Choosing a snowboard boot is one of the most important decisions you will make when it comes to buying your snowboard gear. This is why it is very important to take your time, and make sure you go through all the necessary steps to get the boot made for you! Here are 3 categories that we flet are the most important when choosing the boot for you.|
Knowing how a snowboard boot should fit is very important, and it will give you insight on what to expect when trying them on.
- How tight should a snowboard boot be?
- A snowboard boot should feel like a firm handshake around your foot. Snug enough that your foot is not moving around in the boot, but not bone crushing tight.
- Note that snowboard boots should fit tighter than your street shoes.
- Your toes should be able to touch or brush the front when standing up straight.
- When you flex forward in the boot, or get into a riding stance (knees and ankles bent), the pressure on your toe should be relieved.
- Your heel should be locked in.

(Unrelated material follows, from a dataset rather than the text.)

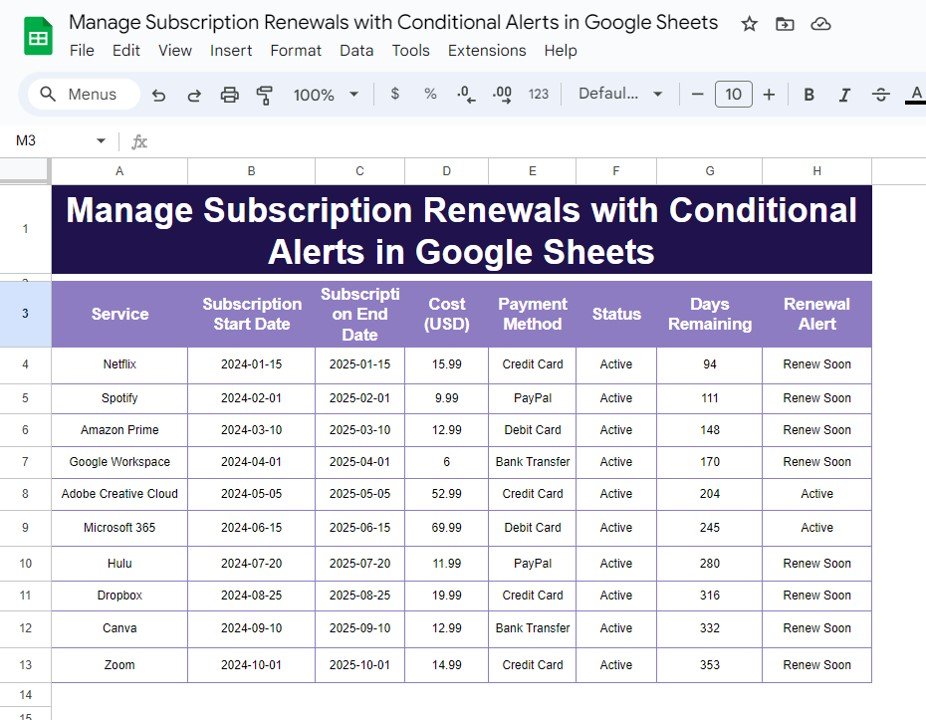 Subscription Renewals with Conditional Alerts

There should be little to no heel movement inside the boot. We want the heel to stay planted down inside of the boot.
- For the best advice on how tight a snowboard boot should be it is always best to go to a local shop and work with a bootfitter.

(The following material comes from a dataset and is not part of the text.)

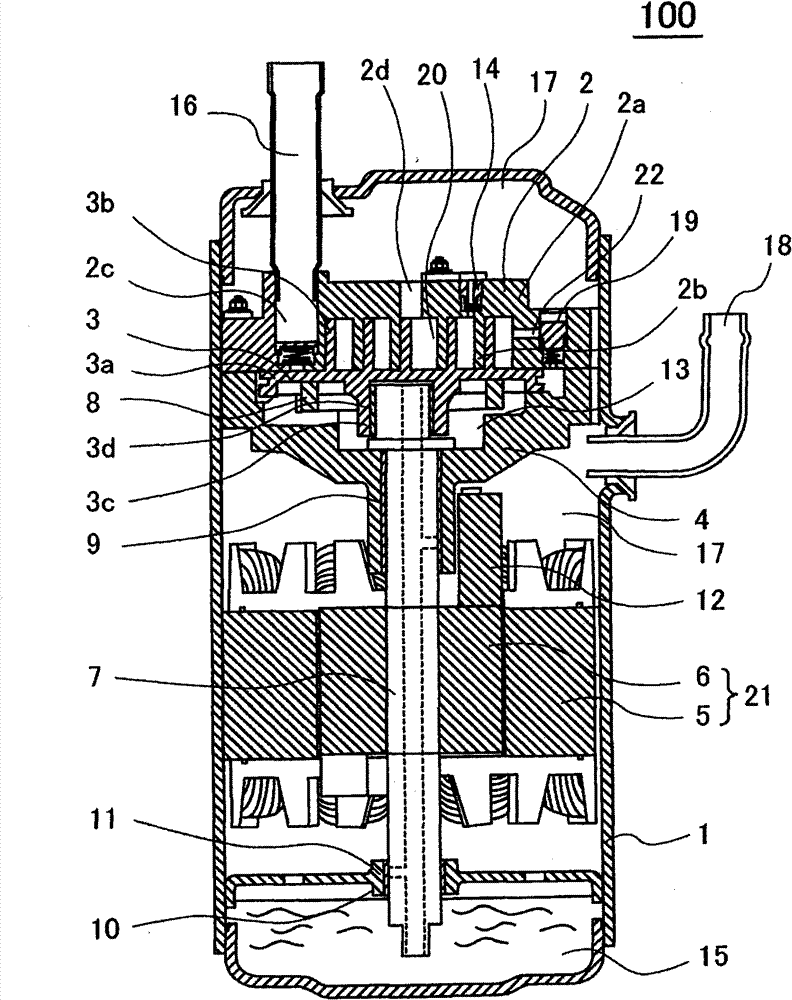 Vortex fluid machinery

This is a great piece of information that will give you lots of insight in to the level of performance that the boot offers. Snowboard boots are usually rated on a scale 1-10, with 1 being the softest and 10 being the stiffest.
- Stiff Boots
- Stiff snowboard boots offer a more responsive feel for the rider. Meaning what you do inside the boot is transmitted to the board faster.
- Usually favored by aggressive/fast riders who like to ride All Mountain.
- Soft Boots
- Soft snowboard boots offer a playful feeling. Soft snowboard boots are great for those just getting started because it encourages more movement.
- Park riders also prefer soft snowboard boots as it is easier to tweak trick and grabs with them.
When it comes down to lacing there is no lacing system that is better than the other. It really comes down to personal preference. We have broken down the 3 main categories of lacing below.
Other Talking Points
- Traditional lacing is the most customizable, easiest to fix, and least costly. However, they can be hard to use with gloves on.
- Speed Lace
- Speed Lace, sometimes referred to as Quick Pull, is very easy to use with gloves on but can be a pain to fix in a bind.
- BOA or other dial closures are the easiest to use with a glove, and offer the most convenience.
- Multi zone BOA closure boots are becoming more popular, and offer more customization to the fit of the boot.
- It is very important to have a proper snowboard sock. A proper snowboard sock is a sock that comes up and out of the boot, made of a moisture wicking material, and is not too thick. Popular snowboard socks are made with merino wool and are medium to thin in thickness. If you find yourself wearing a thicker sock to keep your boot tight, your boot is probably too big. It is recommended to buy a pair of thin to medium snowboard socks to wear while you are trying on new snowboard boots.
- Bootfitters are not only a great resource because of their experience, but they can give you insights on insoles and other boot modifications that can be done to your boots to enhance the fit even more!